Fermented sauerkraut exhibits pH at around 3.5 and will keep in cool conditions for a very long time, as long as this pH level is maintained.
Cabbage should contain up to 3.5% sugar. The sweeter raw cabbage is the better sauerkraut will be obtained.
Adding less than 2% salt might produce soft or even slimy sauerkraut. Adding less than 1% will produce sauerkraut that would be soft and unacceptable commercially. Adding more than 3.5% salt might inhibit growth of lactic acid bacteria.
The more lactic acid is produced the more acidic sauerkraut becomes. There is a limit how much lactic acid can be produced. Once the sugar supply is exhausted, lactic acid bacteria stop growing. White scum on the surface of the sauerkraut is due to yeasts and should be removed daily. There is no reason to discard the sauerkraut.
It is possible to use the brine from the previous sauerkraut fermentation as a starter culture for a new production. This is a common method used in production of bread or even salami (back slopping), where a part of fermented product is saved for a new production.

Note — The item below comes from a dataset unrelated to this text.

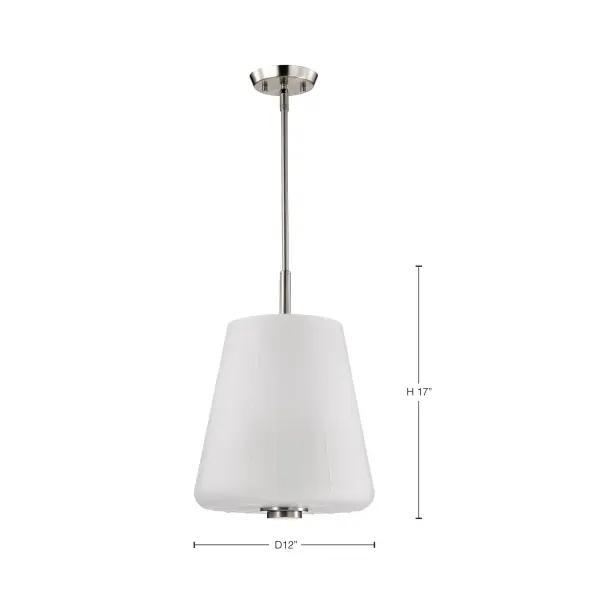 Lune 3-Light Pendant in Brushed Nickel with Etched White Glass - Image 11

In theory at least, it should produce a new batch with the same characteristics as the old one.
If more sugar were added the fermentation will continue longer and more lactic acid will be produced. That would result in increased acidity and very sour cabbage which is not desirable. Eventually the acidity level will be so high that lactic acid bacteria will not survive.
During fermentation glucose (sugar) is converted to about 50% lactic acid, 25% acetic acid and ethyl alcohol, and 25% carbon dioxide.
Keep the fermentation temperature below 80° F (27° C). For best quality sauerkraut, maintain fermentation temperature at around 65° F (18° C).
<–Bubbles are the sign of ongoing fermentation. In a glass jar they can be seen raising to the top.
Excerpts taken from archives of the Food Preservation Methods Knowledge Center.
Bottling up finished sauerkraut from my big old 10L. Harsch crock.
“The proliferation of lactobacilli in fermented vegetables enhances their digestibility and increases vitamin levels. These beneficial organisms produce numerous helpful enzymes as well as antibiotic and anticarcinogenic substances. Their main by-product, lactic acid, not only keeps vegetables and fruits in a state of perfect preservation but also promotes the growth of healthy flora throughout the intestine.”